Lose Gedanken 3
Gestern Abend roch mein Kopfkissen wie nach seinem Sandelholz-Aftershave. Am Morgen weckte mich sein Name. Am Tag bin ich scheinbar grundlos aufgeregt. Niemand bemerkt wie mein Herz manchmal schneller schlägt. Je mehr ich mich dagegen wehre, um so hartnäckiger verliere ich mich in dem Gefühl, das ich einerseits nicht wahr haben will, andererseits gefällt es mir auch. Dieser Zwiespalt macht mir Angst. Der Zustand der Verliebtheit ist, als ob ich mich ausbreiten würde. Mein Ich, meine Gedanken, meine Seele, alles weitet sich und hat doch nur einen Mittelpunkt. Wie gern erliege ich meinen Illusionen.

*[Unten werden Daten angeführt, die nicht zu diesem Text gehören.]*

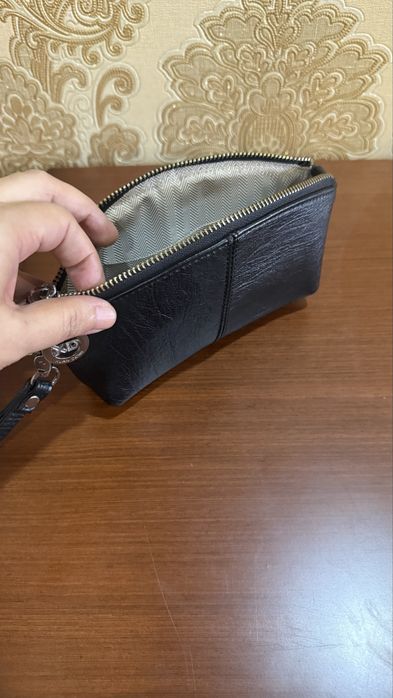 Кошелёк клатч сотилади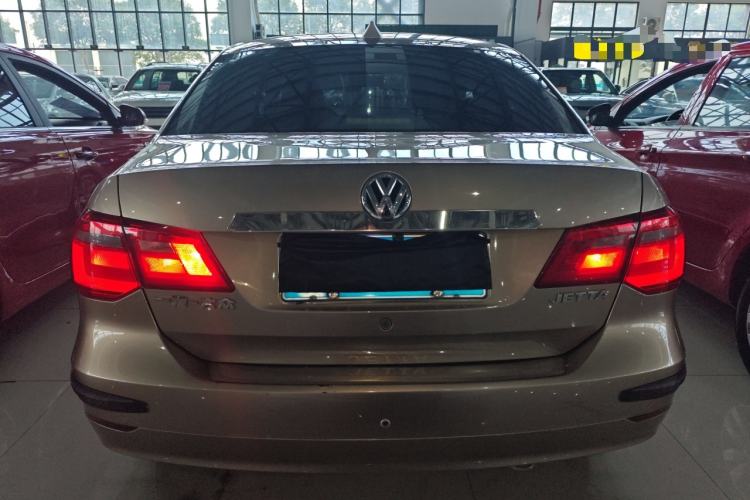 Used Volkswagen Jetta 2013 1.6L Manual Comfort Model Rear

Ohne diesen bestimmten Zustand verlieren die Dinge ihren Reiz, werden langweilig. Ich setze sie neu in Beziehung und bin immer auf sich verändernder Entdeckungsreise. Erst so wird ein Baum, ein Stein, ein Mensch interessant. Man sollte alles möglichst lange betrachten, sein Wesen erfassen, bevor man daran geht, es verändern zu wollen. Dann liegt darin eine liebende Beeinflussung der Person oder der Sache und nicht ihre Zerstörung, Inbesitznahme oder Anpassung an uns selbst. Die Freiheit darf man dem anderen nicht nehmen. Man kann nur in der Begegnung versuchen, sich ganz zu geben. Alles andere wäre Gewalt.
Auf der Stadt lastet heute ein wolkenloser Himmel. Ein wenig stumpfsinnig und leer bedeckt sein milchiges Grau diese letzten warmen Herbsttage.